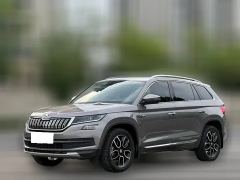 2018 Škoda Kodiaq 2018 1.8T AT TSI330LuxuryPremium7Seat FWD #1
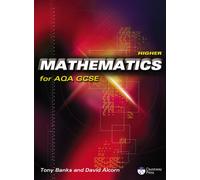 Higher Mathematics for AQA GCSE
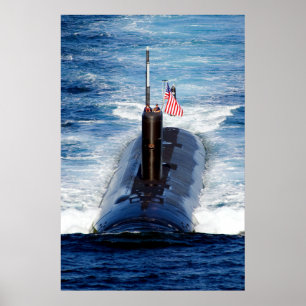 Poster USS Tucson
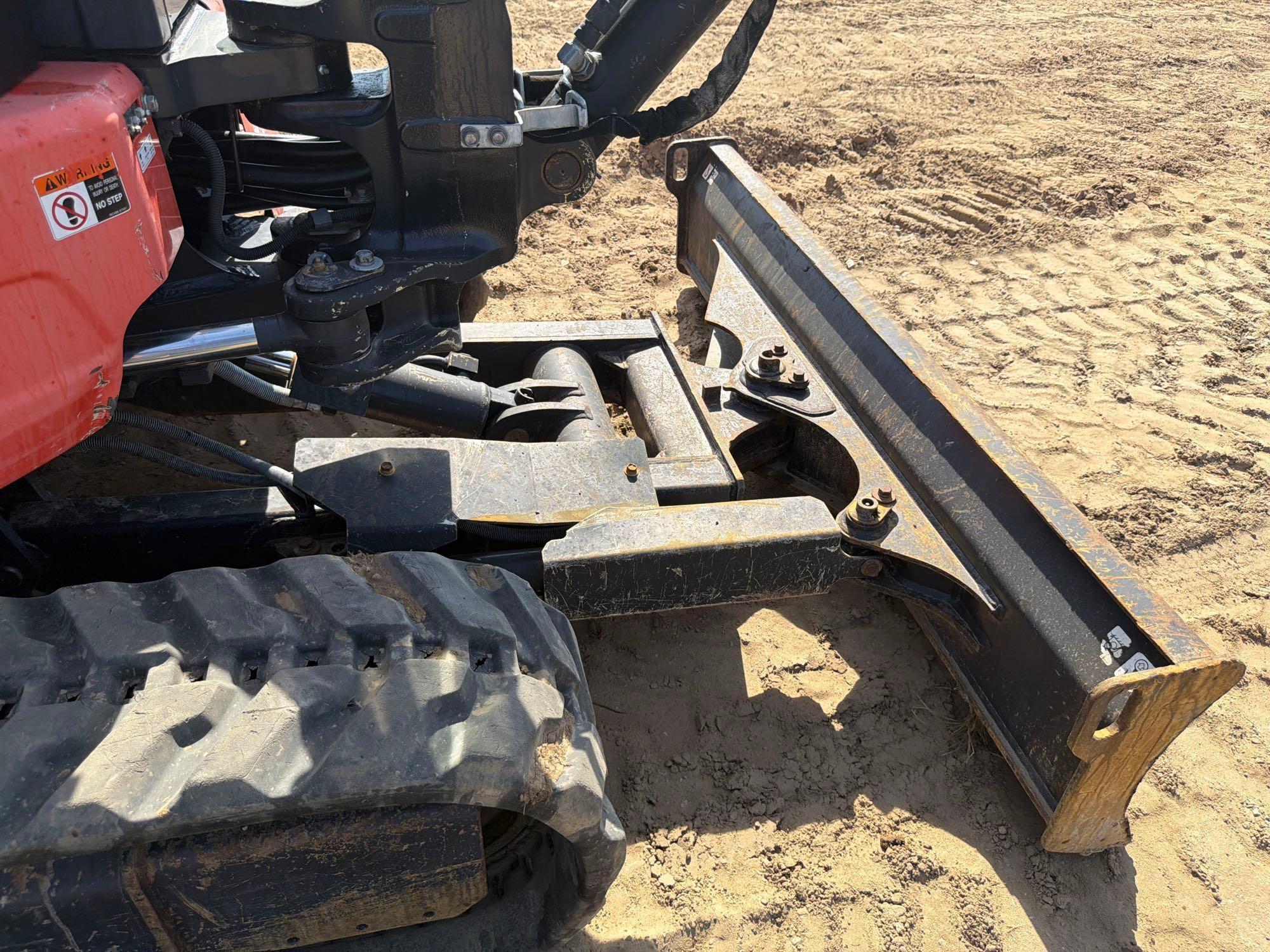2019 Kubota U35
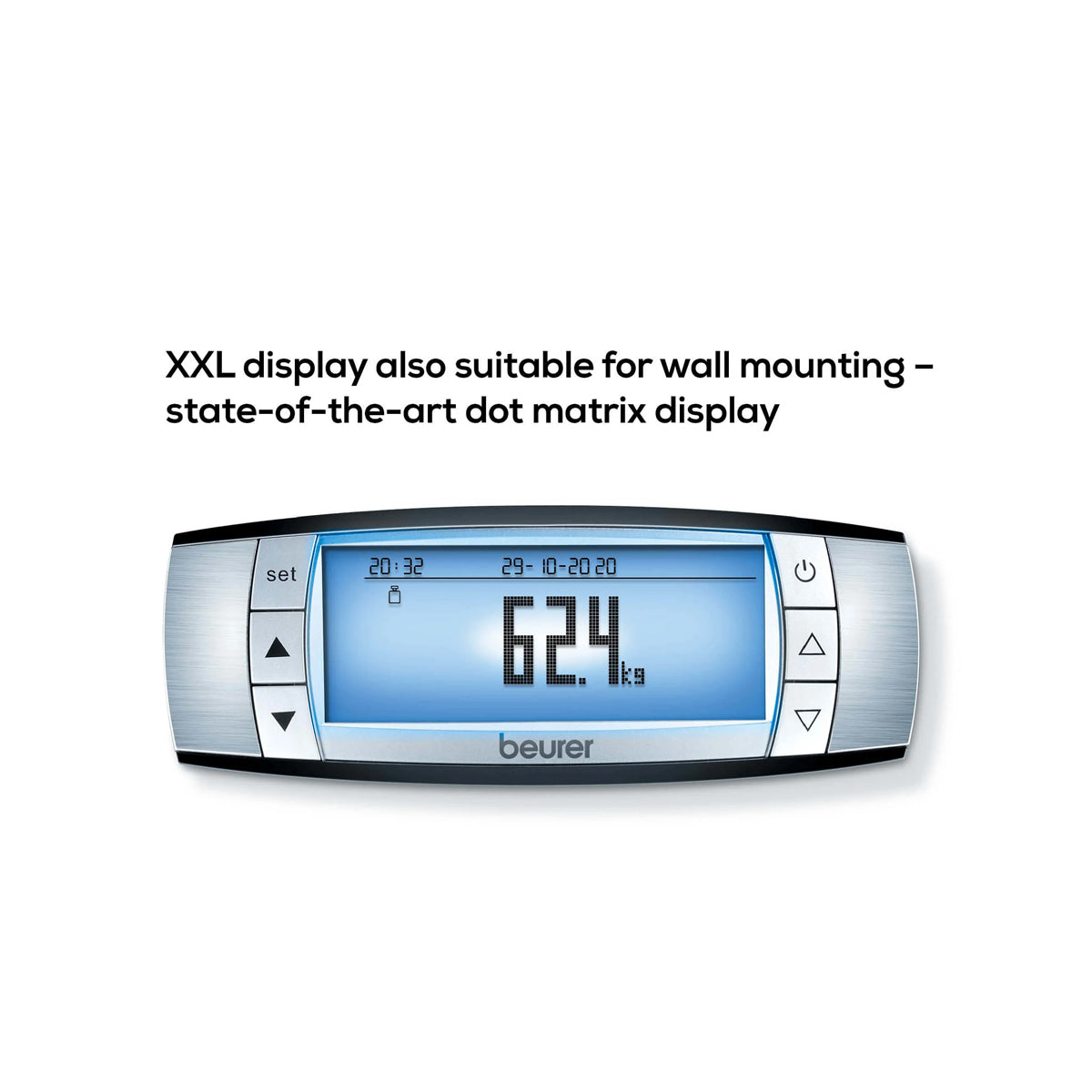 Beurer Diagnostic Scale - BF 105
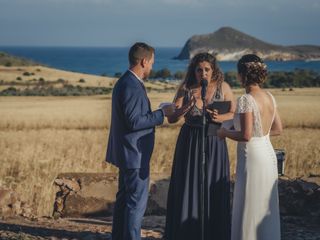 La boda de Belén y Luís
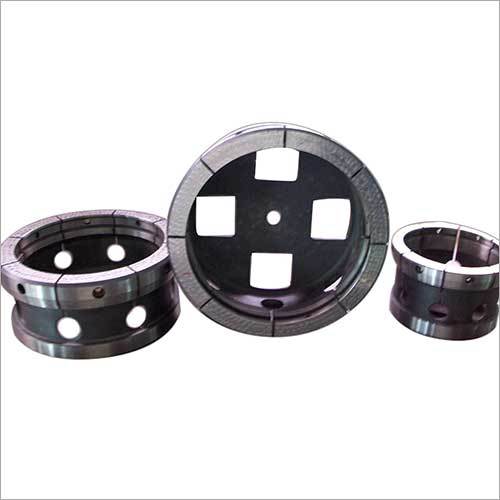 Collets for Bearing Cages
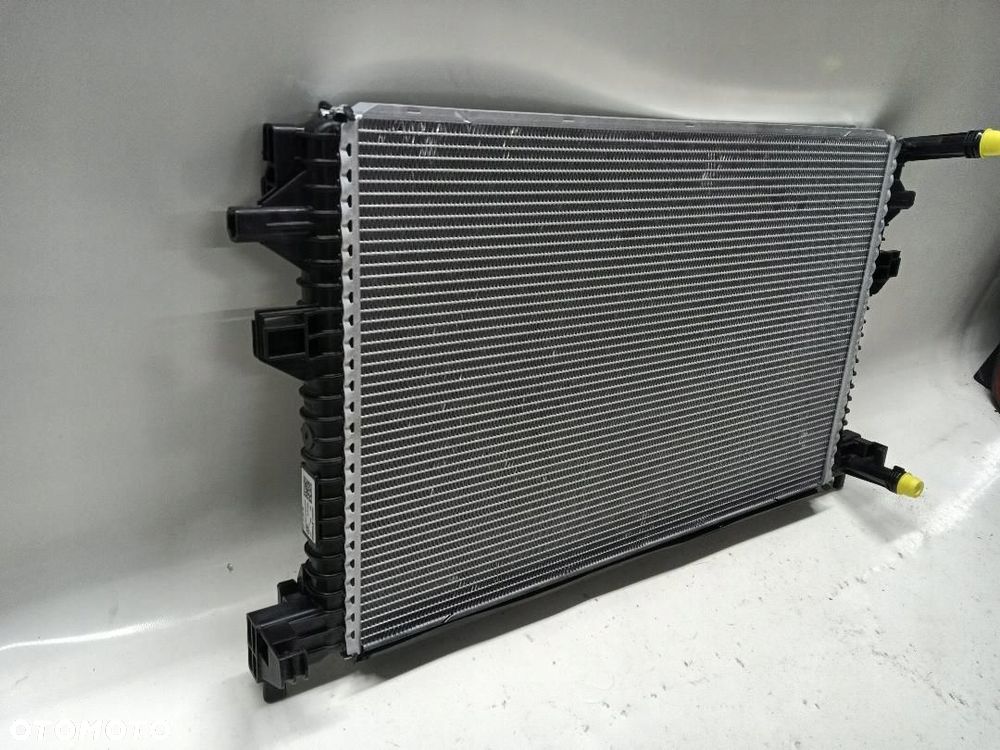 CHŁODNICA WODY AUDI SEAT SKODA 5Q0121251 - 3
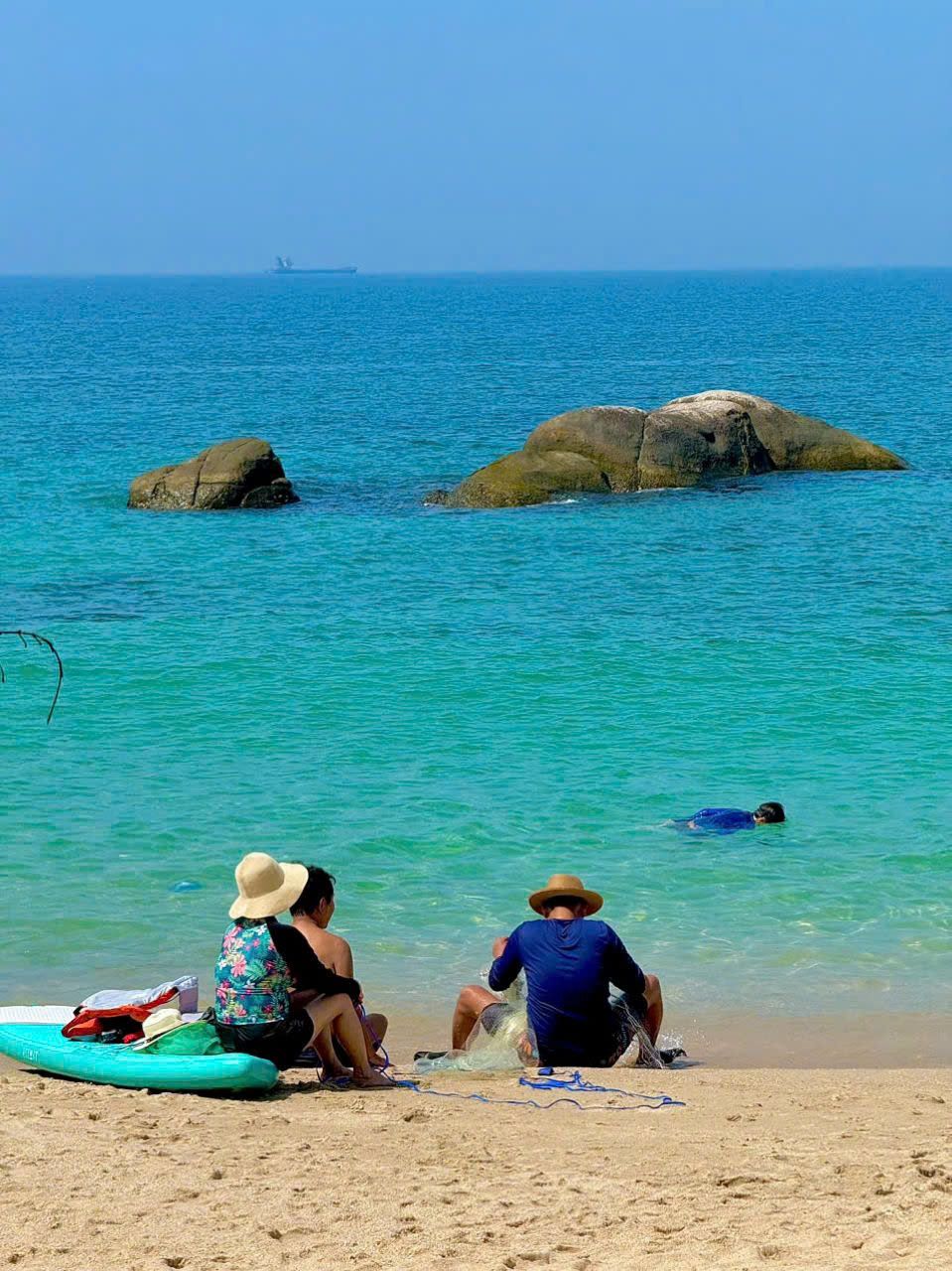 TOUR NGHỈ DƯỠNG CÀ NÁ – NINH CHỮ 3N2D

**TRY IT:** Retype the entries above word for word, minus any images.

**YOUR RESPONSE:**
 2018 Škoda Kodiaq 2018 1.8T AT TSI330LuxuryPremium7Seat FWD #1
 Higher Mathematics for AQA GCSE
 Poster USS Tucson
2019 Kubota U35
 Beurer Diagnostic Scale - BF 105
 La boda de Belén y Luís
 Collets for Bearing Cages
 CHŁODNICA WODY AUDI SEAT SKODA 5Q0121251 - 3
 TOUR NGHỈ DƯỠNG CÀ NÁ – NINH CHỮ 3N2D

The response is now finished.